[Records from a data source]
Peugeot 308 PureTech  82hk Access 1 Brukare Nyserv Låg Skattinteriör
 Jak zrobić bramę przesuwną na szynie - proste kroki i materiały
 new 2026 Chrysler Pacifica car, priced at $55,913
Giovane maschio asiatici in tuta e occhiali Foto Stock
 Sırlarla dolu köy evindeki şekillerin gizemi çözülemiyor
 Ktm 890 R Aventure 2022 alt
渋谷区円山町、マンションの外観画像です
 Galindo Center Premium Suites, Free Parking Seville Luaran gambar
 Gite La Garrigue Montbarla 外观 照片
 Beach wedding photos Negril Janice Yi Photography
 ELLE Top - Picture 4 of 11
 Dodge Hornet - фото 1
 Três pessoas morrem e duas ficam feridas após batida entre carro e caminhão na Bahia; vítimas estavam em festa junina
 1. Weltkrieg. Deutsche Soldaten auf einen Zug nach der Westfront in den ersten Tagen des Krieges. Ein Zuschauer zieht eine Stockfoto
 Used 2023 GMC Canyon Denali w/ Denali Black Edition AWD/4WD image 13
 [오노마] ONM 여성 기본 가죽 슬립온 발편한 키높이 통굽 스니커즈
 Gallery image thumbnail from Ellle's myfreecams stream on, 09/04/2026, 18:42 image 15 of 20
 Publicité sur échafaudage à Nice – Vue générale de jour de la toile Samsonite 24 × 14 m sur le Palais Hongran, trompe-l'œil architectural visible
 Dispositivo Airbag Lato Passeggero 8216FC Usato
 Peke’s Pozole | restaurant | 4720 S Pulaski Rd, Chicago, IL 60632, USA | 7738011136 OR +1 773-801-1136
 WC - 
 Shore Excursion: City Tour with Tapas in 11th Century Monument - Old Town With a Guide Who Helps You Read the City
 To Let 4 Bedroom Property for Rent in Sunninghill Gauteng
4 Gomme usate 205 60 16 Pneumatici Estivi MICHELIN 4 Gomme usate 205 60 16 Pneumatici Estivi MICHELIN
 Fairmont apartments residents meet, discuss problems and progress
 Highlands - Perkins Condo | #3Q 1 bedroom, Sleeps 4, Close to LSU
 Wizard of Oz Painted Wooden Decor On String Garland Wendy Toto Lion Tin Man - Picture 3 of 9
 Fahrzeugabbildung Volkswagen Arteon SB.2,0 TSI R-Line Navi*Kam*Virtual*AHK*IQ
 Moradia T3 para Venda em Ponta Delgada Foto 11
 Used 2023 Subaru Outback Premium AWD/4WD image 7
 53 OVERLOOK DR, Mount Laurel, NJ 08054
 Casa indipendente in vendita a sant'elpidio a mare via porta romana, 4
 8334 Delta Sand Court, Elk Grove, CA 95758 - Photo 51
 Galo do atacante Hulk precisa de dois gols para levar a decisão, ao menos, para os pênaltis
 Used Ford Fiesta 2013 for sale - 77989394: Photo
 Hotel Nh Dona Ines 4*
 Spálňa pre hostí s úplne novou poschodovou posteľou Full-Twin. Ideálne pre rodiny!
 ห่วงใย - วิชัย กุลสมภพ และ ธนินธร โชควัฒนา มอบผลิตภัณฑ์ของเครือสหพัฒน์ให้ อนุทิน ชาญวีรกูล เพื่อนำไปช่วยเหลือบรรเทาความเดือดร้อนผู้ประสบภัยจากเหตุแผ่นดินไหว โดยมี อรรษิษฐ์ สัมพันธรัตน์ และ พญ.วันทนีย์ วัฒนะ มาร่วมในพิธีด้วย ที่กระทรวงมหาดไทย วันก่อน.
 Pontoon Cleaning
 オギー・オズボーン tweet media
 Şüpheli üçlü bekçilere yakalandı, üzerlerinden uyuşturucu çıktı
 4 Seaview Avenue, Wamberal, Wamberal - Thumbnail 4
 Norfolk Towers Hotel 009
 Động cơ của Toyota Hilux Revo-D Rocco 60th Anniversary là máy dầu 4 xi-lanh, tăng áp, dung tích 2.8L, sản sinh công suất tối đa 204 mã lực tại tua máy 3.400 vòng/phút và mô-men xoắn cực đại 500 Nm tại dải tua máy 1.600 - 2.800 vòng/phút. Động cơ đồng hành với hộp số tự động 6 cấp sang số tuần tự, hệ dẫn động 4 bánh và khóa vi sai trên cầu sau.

== EXERCISE OBJECTIVE ==
The required output is the exact run of lines from the beginning of the records to the line with "Used 2023 GMC", that line included.

== OUTPUT FOR THIS EXERCISE ==
Peugeot 308 PureTech  82hk Access 1 Brukare Nyserv Låg Skattinteriör
 Jak zrobić bramę przesuwną na szynie - proste kroki i materiały
 new 2026 Chrysler Pacifica car, priced at $55,913
Giovane maschio asiatici in tuta e occhiali Foto Stock
 Sırlarla dolu köy evindeki şekillerin gizemi çözülemiyor
 Ktm 890 R Aventure 2022 alt
渋谷区円山町、マンションの外観画像です
 Galindo Center Premium Suites, Free Parking Seville Luaran gambar
 Gite La Garrigue Montbarla 外观 照片
 Beach wedding photos Negril Janice Yi Photography
 ELLE Top - Picture 4 of 11
 Dodge Hornet - фото 1
 Três pessoas morrem e duas ficam feridas após batida entre carro e caminhão na Bahia; vítimas estavam em festa junina
 1. Weltkrieg. Deutsche Soldaten auf einen Zug nach der Westfront in den ersten Tagen des Krieges. Ein Zuschauer zieht eine Stockfoto
 Used 2023 GMC Canyon Denali w/ Denali Black Edition AWD/4WD image 13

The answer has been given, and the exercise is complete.